Antalya il sınırları içinde, Amik Ovası’nda yer alan Tell el Cüdeyde ile Mersin Yumuktepe’de ortaya çıkartılan tabakalanma düzeni, uzun yıllar Doğu ve Güneydoğu Anadolu hatta İç Anadolu’nun kültürlerinin tarihlenmelerinde yol gösterici olmuştur. Tell el Cüdeyde’nin Amik A-B dönemine konan tabakalarındaki mimari konusunda bir bilgimiz olmamasına karşıt Mersin Yumuktepe’nin alt katlarında, Güneydoğu Anadolu’ya koşut bir mimari gelişimin var olduğu saptanmıştır. Akdeniz kıyısı kültürlerde çanak çömlekte ortak özellik olarak kabuk ya da tırnak baskı bezemenin hakim unsur olduğu görülmektedir. Basit tutamaklar dışında İç Anadolu’nun özellikle güney kısmı ile benzerlikler kurulabilir. Amik Ovası’ndaki özelliklerin ise genelde Kuzey Suriye ve Güneydoğu Anadolu ile ilgili olduğu gözlenmektedir.

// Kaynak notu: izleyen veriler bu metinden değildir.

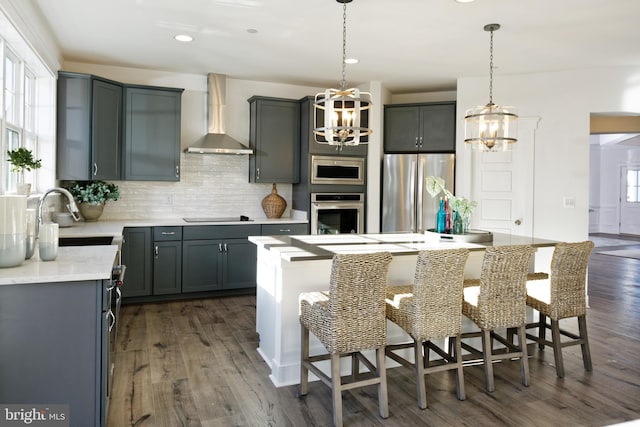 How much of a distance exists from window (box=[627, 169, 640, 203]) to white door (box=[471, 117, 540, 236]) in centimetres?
972

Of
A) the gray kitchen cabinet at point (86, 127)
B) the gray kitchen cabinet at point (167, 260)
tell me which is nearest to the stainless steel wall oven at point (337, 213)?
the gray kitchen cabinet at point (167, 260)

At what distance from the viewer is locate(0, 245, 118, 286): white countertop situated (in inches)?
82.0

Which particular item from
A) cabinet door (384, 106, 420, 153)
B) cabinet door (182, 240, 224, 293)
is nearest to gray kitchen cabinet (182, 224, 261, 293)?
cabinet door (182, 240, 224, 293)

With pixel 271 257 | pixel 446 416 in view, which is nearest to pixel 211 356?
pixel 271 257

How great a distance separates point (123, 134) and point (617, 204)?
13.2 meters

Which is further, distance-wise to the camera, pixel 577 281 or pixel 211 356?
pixel 211 356

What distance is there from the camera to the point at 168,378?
126 inches

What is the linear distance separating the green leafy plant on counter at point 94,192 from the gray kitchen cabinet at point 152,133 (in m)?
0.23

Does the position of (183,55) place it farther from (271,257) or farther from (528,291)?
(528,291)

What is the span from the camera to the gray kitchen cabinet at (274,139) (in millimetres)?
5922

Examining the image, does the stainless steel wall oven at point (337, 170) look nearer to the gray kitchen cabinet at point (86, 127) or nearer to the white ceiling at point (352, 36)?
the white ceiling at point (352, 36)

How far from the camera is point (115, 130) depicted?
520cm

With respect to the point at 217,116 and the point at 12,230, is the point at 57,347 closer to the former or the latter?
the point at 12,230

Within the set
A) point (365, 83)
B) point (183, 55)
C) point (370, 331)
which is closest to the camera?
point (370, 331) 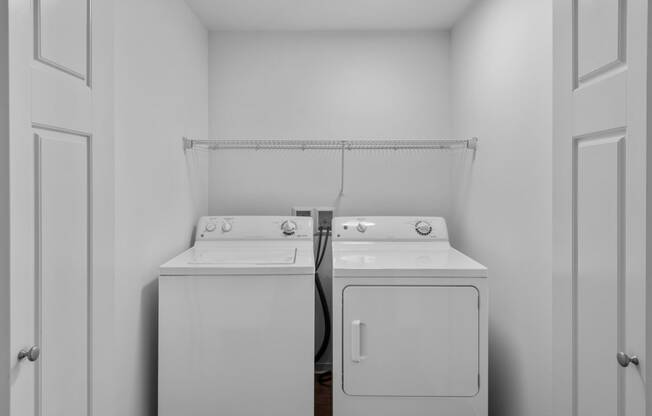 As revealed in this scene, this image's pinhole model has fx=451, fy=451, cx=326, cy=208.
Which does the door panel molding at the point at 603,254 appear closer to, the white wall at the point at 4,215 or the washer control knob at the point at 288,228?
the white wall at the point at 4,215

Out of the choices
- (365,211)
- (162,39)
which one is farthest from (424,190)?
(162,39)

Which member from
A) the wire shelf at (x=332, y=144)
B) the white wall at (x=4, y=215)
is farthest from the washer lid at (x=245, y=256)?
the white wall at (x=4, y=215)

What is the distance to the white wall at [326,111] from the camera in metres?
2.86

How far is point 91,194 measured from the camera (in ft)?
4.20

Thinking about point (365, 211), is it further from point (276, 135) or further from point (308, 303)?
point (308, 303)

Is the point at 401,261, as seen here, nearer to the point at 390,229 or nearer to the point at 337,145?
the point at 390,229

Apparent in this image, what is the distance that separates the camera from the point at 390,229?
8.54ft

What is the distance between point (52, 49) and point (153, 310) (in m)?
1.33

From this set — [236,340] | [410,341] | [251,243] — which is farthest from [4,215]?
[251,243]

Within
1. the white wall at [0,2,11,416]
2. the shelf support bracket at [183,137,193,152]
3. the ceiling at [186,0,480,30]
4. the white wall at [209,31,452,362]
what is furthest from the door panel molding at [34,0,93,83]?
the white wall at [209,31,452,362]

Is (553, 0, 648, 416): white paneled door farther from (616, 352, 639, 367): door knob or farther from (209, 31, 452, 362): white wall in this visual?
(209, 31, 452, 362): white wall

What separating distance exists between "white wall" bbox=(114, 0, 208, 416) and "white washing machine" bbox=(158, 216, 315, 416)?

Anadolu’nun göller yöresini de içine alan Batı Akdeniz bölgesinde en eski çanak çömleğin Bademağacı ve Beldibi’nde olduğu sanısı Kuruçay Höyük kazıları ile son bulmuştur. Kuruçay’ın 13 ve 12. tabakalarındaki çanak çömleğin şimdilik, yörenin en eski yapımları olduğu iddia edilmektedir. Bir tapınak köyü olduğu söylenen Höyücek malzemesi içinde de Anadolu’nun kuzeyi ile ilişki kurulabilecek parçalar mevcuttur. Kuruçay biraz daha yeni olduğu gene 14C tarihlemeleri ortaya çıkan Hacılar ise Kuzeybatı Anadolu ile ilişkiler veren tek merkez olma hüviyetini uzun süre devam ettirmiş ve Fikirtepe-Pendik yerleşmelerinde ortaya çıkan kültürün tarihlenmesini etkilemiştir. Bademağacı’ndaki kazılar olasılıkla bu yörede kesin bir kronoloji kurulmasına yardımcı olacaktır

Ege Bölgesi:


 Bu bölgede Neolitik Çağ bulguları ancak yüzey araştırmalarından gelen çanak çömlek parçalarına dayanmakta, Ege Adaları ve Yunanistan ilişkileri ancak kazılar sonucunda elde edilebilecek tabakalı buluntular yardımıyla çözülecektir. Bölgede soluk açkılı ve erken boyalı maldan örnekler şimdilik Neolitik Çağ’a konmaktadır.

Marmara Bölgesi:


 Çanak Çömlekli Neolitik Çağ’ın tabakalanması ve diğer bilgiler son yıllarda gerçekleştirilen Ilıpınar ve Hocaçeşme kazıları ile saptanmıştır. Ilıpınar kazısı (Bursa), Kuzeybatı Anadolu’nun Son Neolitik-İlk Kalkolitik Çağ kültürlerini açığa çıkardığı gibi, yıllar boyu göreceli kronoloji ile değerlendirilen Fikirtepe/Pendik kültürünün de mutlak tarihlerle saptanmasına yol açmıştır. Fikirtepe kültürünün yalnız balık avcılığına dayanan bir ekonomisi olmadığı, Eskişehir’de yer alan Demircihöyük yanındaki bir yerleşmeden gelen Fikirtepe mallarından anlaşılmaktadır. Gene Fikirtepe kültürünün yalnız Doğu Marmara ve çevresinde değil Batı Marmara’ya kadar ulaştığı Kaynarca Mevkii (Çanakkale) buluntuları ile kanıtlanmıştır. Hocaçeşme Höyüğü’ndeki (Edirne) kazı ise Anadolu ile Güneydoğu Avrupa arasındaki ilişkileri ve Güneydoğu Avrupa tarihöncesi kültürlere Anadolu katkısını ortaya çıkarmıştır.

Kaynak: Harmankaya, S. - O. Tanındı - M. Özbaşaran, TAY - Türkiye Arkeolojik Yerleşmeleri-2: Neolitik, Ege Yayınları, Takım ISBN 975-807- 003-7, Cilt ISBN 975-807-010-X, İstanbul, 1997.